Survey brings little Christmas cheer for record industry
People in the UK are illegally downloading more music over the internet than ever before, according to a new survey.
The survey, backed by the British recorded music industry body the BPI, showed that a third (29 per cent) of the 3,442 people questioned admitted to illegally obtaining music over the internet.
Those questioned estimated they increased their use of illegal music download sites and services from May to November this year. Use of unlicensed MP3 pay sites went up 47 per cent, newsgroups went up 42 per cent and FTP servers went up 29 per cent.
Use of illegal peer-to-peer (P2P) filesharing - where people share copyrighted files over the internet using P2P technology - accounted for the bulk of copyright violations but the proportion of people using it stayed roughly the same as in February this year, with 23 per cent of people admitting to P2P filesharing.
Nearly half (47 per cent) of people using P2P sites and software to share music do so on a weekly basis, with almost a third (31 per cent) doing so every day.

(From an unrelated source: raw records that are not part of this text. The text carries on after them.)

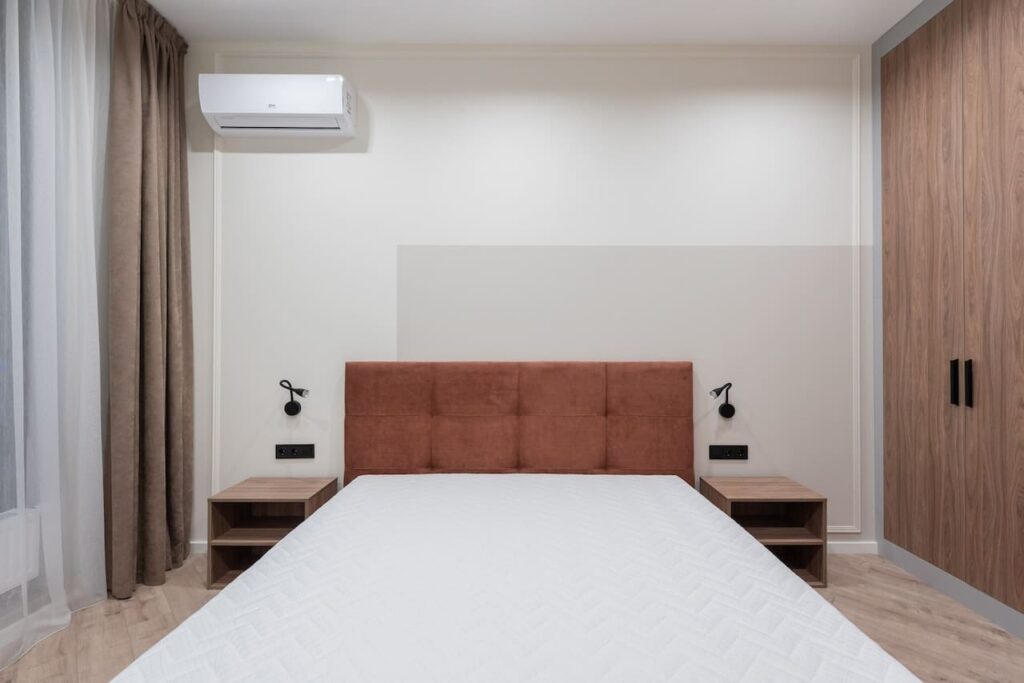 room with ac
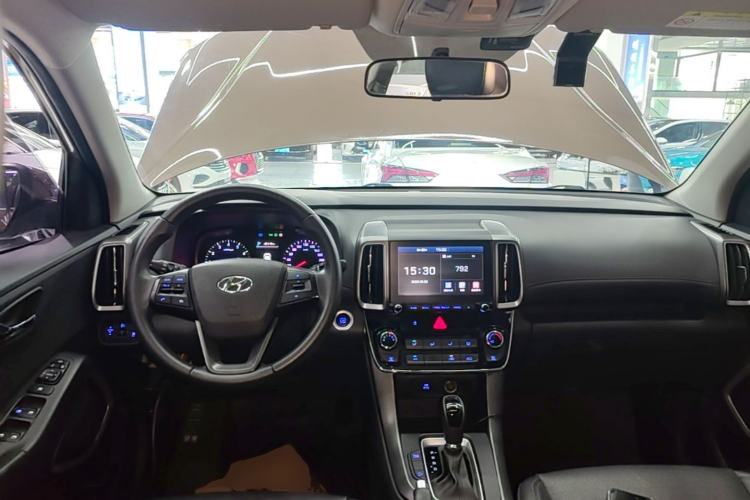 Used Hyundai ix35 2018 2.0L Automatic 2WD Zhiyong·Changxiang Edition Center Console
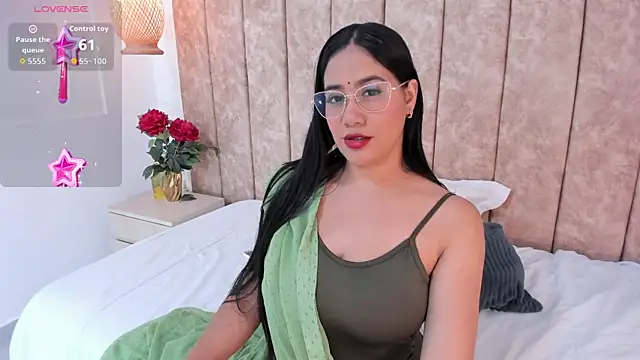 Katrina baurii online show from 04/07/26, 02:30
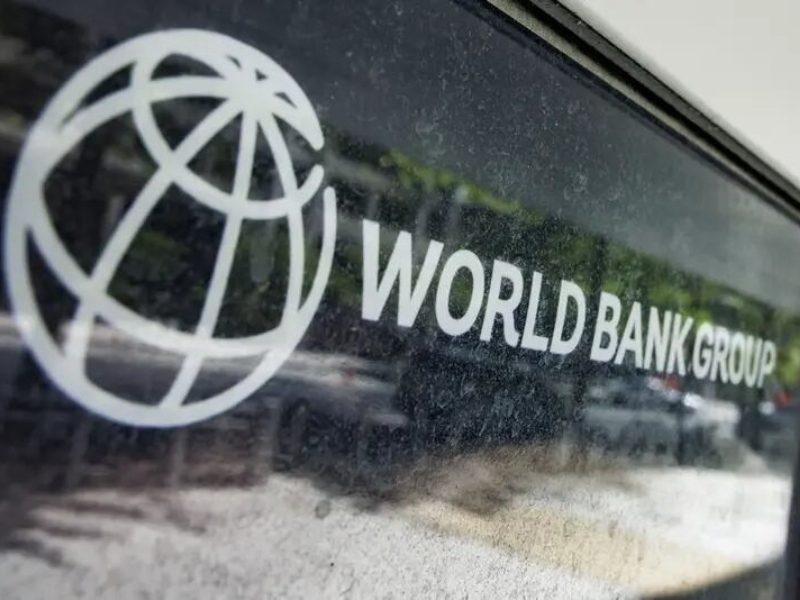 El Banco Mundial empeoró su pronóstico sobre la Argentina pero apoyó el plan de ajuste de Milei El Banco Mundial empeoró su pronóstico sobre la Argentina pero apoyó el plan de ajuste de Milei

On average nine music tracks are downloaded through P2P networks each month, compared to 4.9 through MP3 pay sites and 5.3 through newsgroups, the survey found.
People already illegally downloading music predicted they would download even more tracks illegally in the six months following November, with use of P2P sites and software predicted to increase by five per cent and MP3 pay sites by 40 per cent.
BPI CEO Geoff Taylor said in a statement: "It's disappointing that levels of illegal P2P use remain high despite this and the publicity surrounding imminent measures to address the problem."
The survey was conducted in November, the month when the government announced new laws that will see people who illegally download copyrighted content possibly having their internet connection cut off.